== Supplied data ==
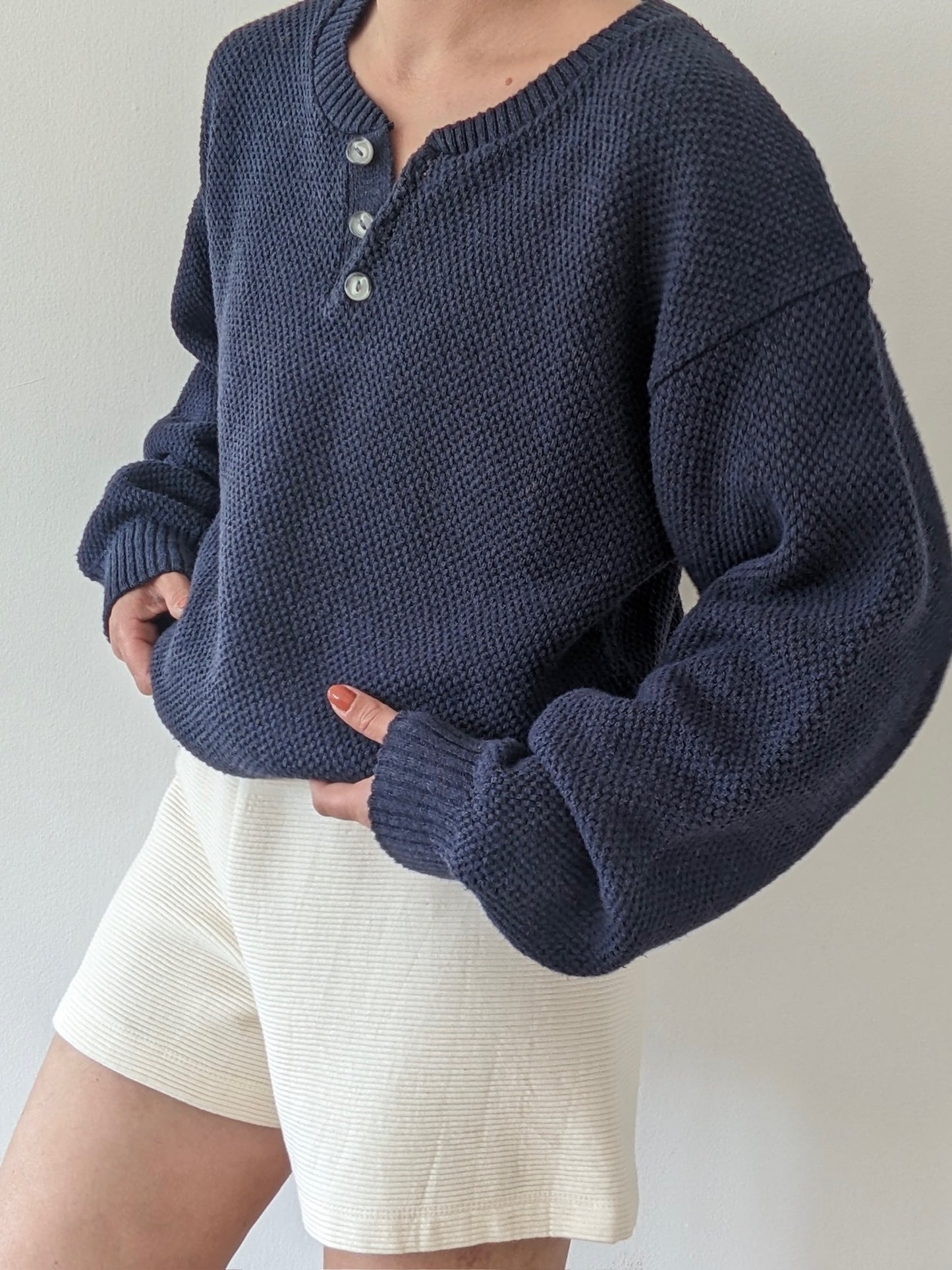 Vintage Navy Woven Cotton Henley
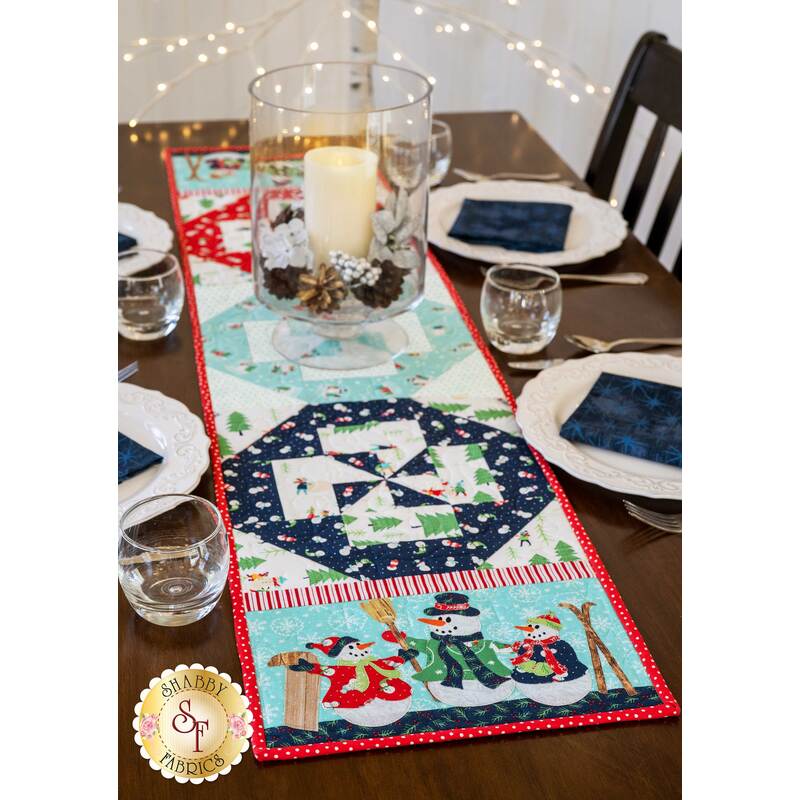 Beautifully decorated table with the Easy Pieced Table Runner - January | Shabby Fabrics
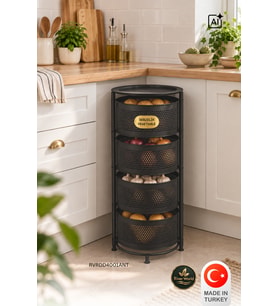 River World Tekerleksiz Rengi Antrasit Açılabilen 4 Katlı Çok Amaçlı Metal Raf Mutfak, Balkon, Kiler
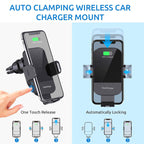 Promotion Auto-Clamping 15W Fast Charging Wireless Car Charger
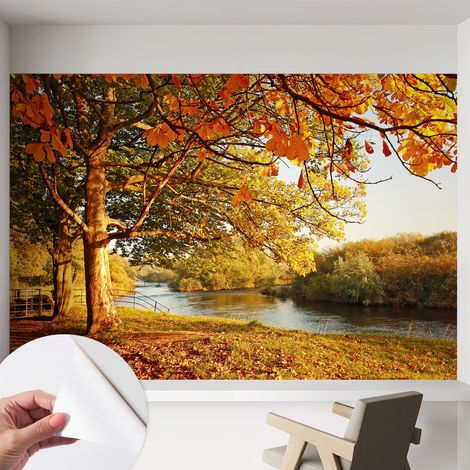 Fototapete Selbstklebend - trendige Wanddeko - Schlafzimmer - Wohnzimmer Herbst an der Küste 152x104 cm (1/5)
===
== Supplied data ==
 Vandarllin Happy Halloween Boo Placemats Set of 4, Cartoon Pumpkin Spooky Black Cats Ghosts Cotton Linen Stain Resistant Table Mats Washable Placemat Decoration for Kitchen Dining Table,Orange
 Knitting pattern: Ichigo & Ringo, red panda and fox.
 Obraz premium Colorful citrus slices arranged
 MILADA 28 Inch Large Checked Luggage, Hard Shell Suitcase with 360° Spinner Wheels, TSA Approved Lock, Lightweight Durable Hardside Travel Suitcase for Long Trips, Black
===
== Supplied data ==
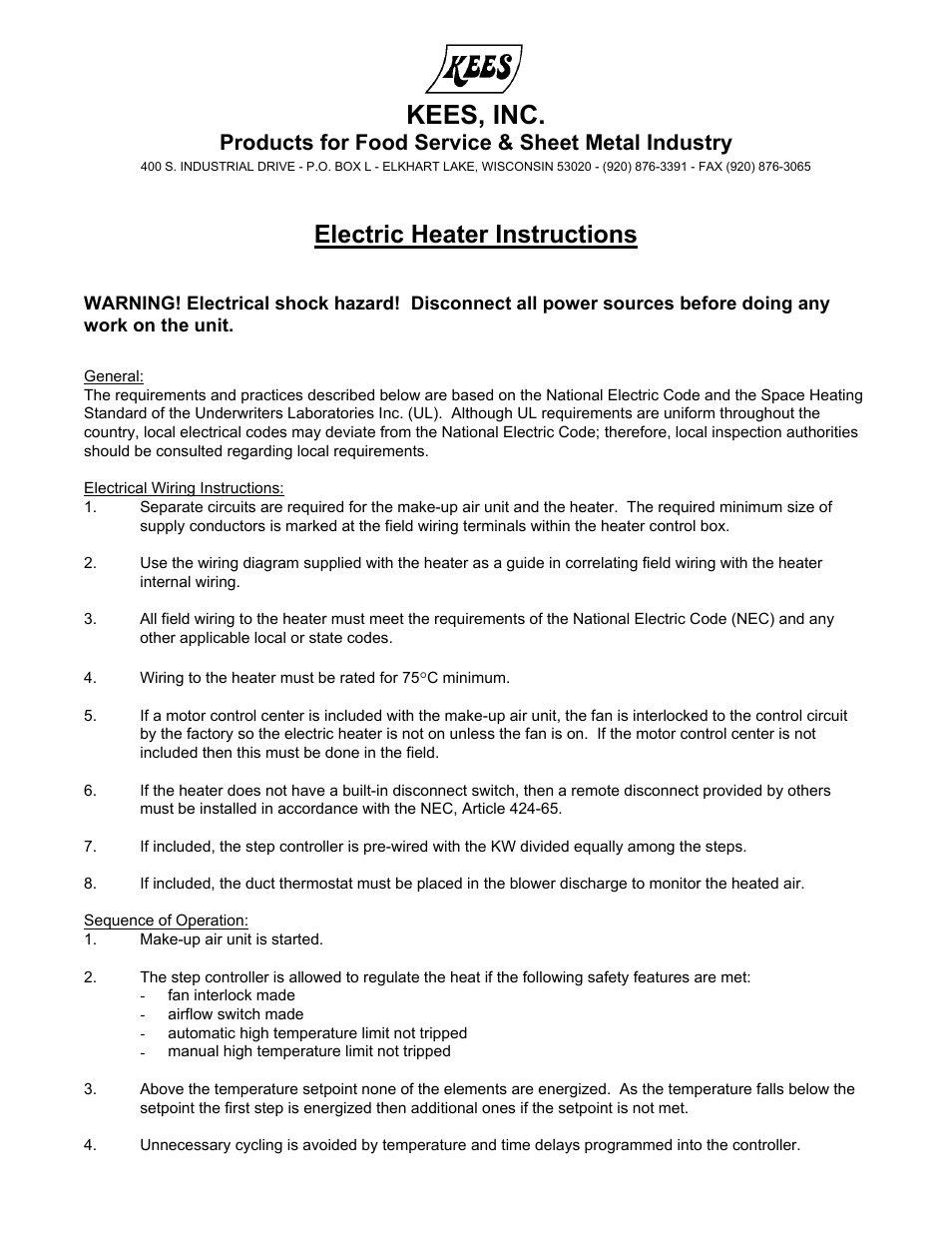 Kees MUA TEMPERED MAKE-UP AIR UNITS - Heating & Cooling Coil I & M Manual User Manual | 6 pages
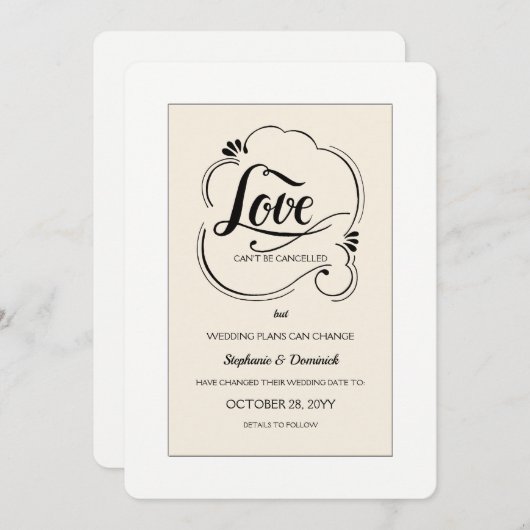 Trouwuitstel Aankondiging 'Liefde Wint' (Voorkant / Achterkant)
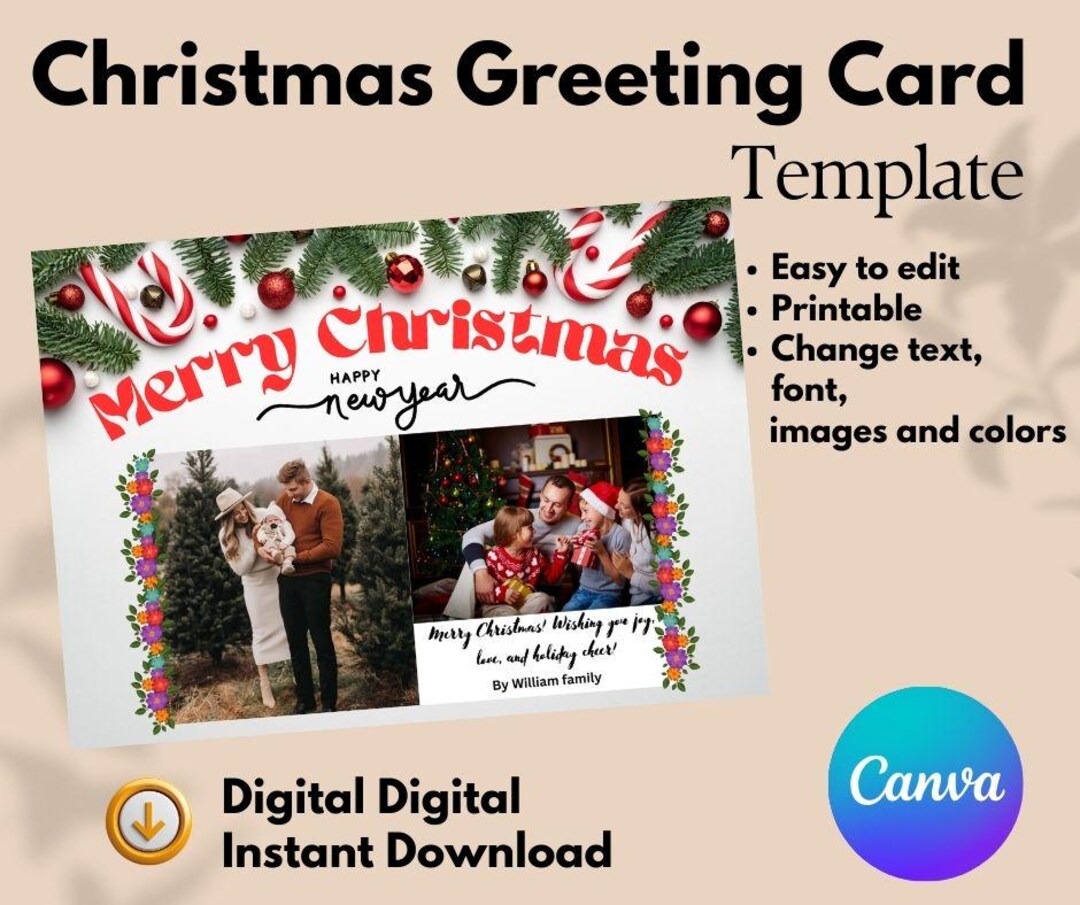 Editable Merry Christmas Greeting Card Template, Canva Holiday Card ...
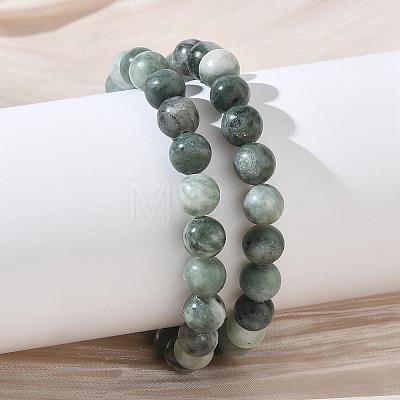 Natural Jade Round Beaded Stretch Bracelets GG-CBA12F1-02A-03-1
===
_What you should do_
Drop the pictures; return the lines above from the line containing "Vintage Navy Woven Cotton Henley" to the line containing "Fototapete Selbstklebend - trendige", both included, exactly.

_Expected answer_
 Vintage Navy Woven Cotton Henley
 Beautifully decorated table with the Easy Pieced Table Runner - January | Shabby Fabrics
 River World Tekerleksiz Rengi Antrasit Açılabilen 4 Katlı Çok Amaçlı Metal Raf Mutfak, Balkon, Kiler
 Promotion Auto-Clamping 15W Fast Charging Wireless Car Charger
 Fototapete Selbstklebend - trendige Wanddeko - Schlafzimmer - Wohnzimmer Herbst an der Küste 152x104 cm (1/5)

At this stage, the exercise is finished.